The use of foams is a promising technique to overcome gas mobility challenges in petroleum reservoirs. Foam reduces the gas mobility by increasing the gas apparent viscosity and reducing its relative permeability. A major challenge facing foam application in reservoirs is its long-term stability. Foam effectiveness and stability depends on a number of factors and will typically diminish over time due to degradation as well as the foam-rock-oil interactions. In this study, the effect of crude oil on CO2-foam stability and mobility will be addressed.
Two-phase flow emulsification test (oil-surfactant solutions) and dynamic foam tests (in the absence and presence of crude oil) were conducted to perform a comparative assessment for different surfactant solutions. A microfluidics device was used to evaluate the foam strength in the presence and absence of crude oil. The assessment was conducted using five surfactant formulations, and using different oil fractions.
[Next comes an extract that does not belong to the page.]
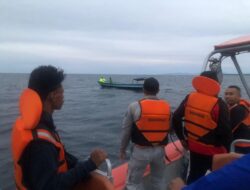 Bakamla RI Evakuasi Long Boat Mati Mesin di Perairan Kota Tual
The role of foam quality (volume of gas/total volume) on foam stability was also addressed in this study. The mobility reduction factor (MRF) for CO2-foam was measured in the absence and presence of crude oil using high salinity water and at elevated temperatures.
The results indicated that foam stability has an inverse relationship with the amount of crude oil. Crude oil has a detrimental effect on foams, and foam stability decreased as the amount of crude oil was increased. There is good agreement between the results obtained from the two-phase emulsification test with those obtained from the dynamic foam tests in presence of crude oil. Depending on the surfactant type, the existence of crude oil in porous media, even at very low concentrations 5%, can significaly impact the foam stability and strength. The oil can act as an antifoaming agent; it enters into the thin aqueous films and destabilizes the film. This, ultimately, resulting in lower foam viscosity and less stable foams. Thus, the CO2 MRF dropped significantly with higher oil fractions.